Vermont Democratic Party's Executive Director to Resign | Off Message

Vermont Democratic Party's Executive Director to Resign

By

TIM NEWCOMB
  • Tim Newcomb
The executive director of the Vermont Democratic Party will resign to "pursue new opportunities," the party announced Monday night, just days after another staffer quit over what he called "a complete and utter failure" of leadership.

Scott McNeil, who took over as executive director of the party in September 2019 after two years in a similar role in North Dakota, will stay on for an undisclosed amount of time to "help ease this transition," the political org wrote in a three-paragraph press release.

The release did not quote McNeil, and he could not be reached for comment Monday night.



The announcement comes four days after the party's affairs and outreach director, Kevin Burgess, sent the organization a scathing resignation letter that indicted its leaders for failing to address systemic issues such as an "old boys club" and a lack of support for candidates of color.

"There is no vision, no plan, and no structure," Burgess wrote in his letter. "Multiple attempts to rectify this, through union representation and staff conversations, have not resulted in any remedies."

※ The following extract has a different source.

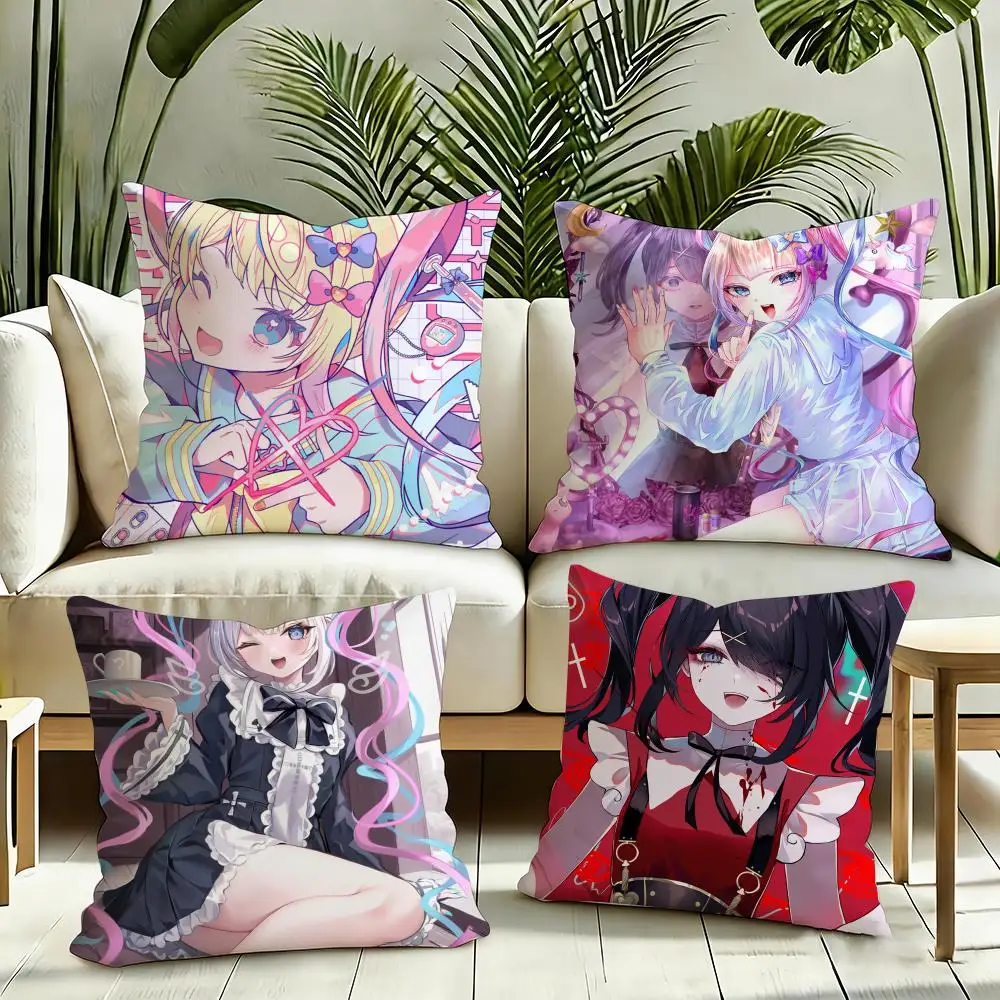 Game N-Needy Girl Overdose Cushion Cover Silky Short Plush Invisible Zipper Dustproof Sofa Pillow Case for Home Decor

"Instead, leadership turns a blind eye to the concerns and needs of staff," he continued. "While I don't mean to speak for anyone else, I am not the only Vermont Democratic Party staffer who feels this way."

Burgess, who has declined to comment on his resignation, had hoped to continue working with the party until March 4. But hours after receiving his letter, the party said he was no longer an employee. Burgess could not be reached for an interview Monday night.
The Vermont Democratic Party has been plagued by a high rate of turnover in recent years. At the time of his 2019 hiring, McNeil was the third executive director in roughly a year. Three of the party's four other current employees measure their time there in months, while the party has had four chairs in as many years. The current one, Bruce Olsson, did not return a call for comment.

On Monday, the party's press release alluded to some of those struggles, describing a "significant change in staffing" of late. "We are very grateful for all of the good work that our staff has done, particularly in support of the 2020 election, as well as in preparation for the 2022 election cycle ahead," the party wrote.

Burgess' criticisms also appear to have struck a nerve, judging by the final paragraph of the press release, which described Democrats as having a "common mission to engage and welcome all Vermonters."

"We will be doing so through dedicated efforts to support our relationships with marginalized communities, through the ongoing work of our town and county committees, and by working with allied groups that share our vision for a more diverse and inclusive Vermont," the press release said.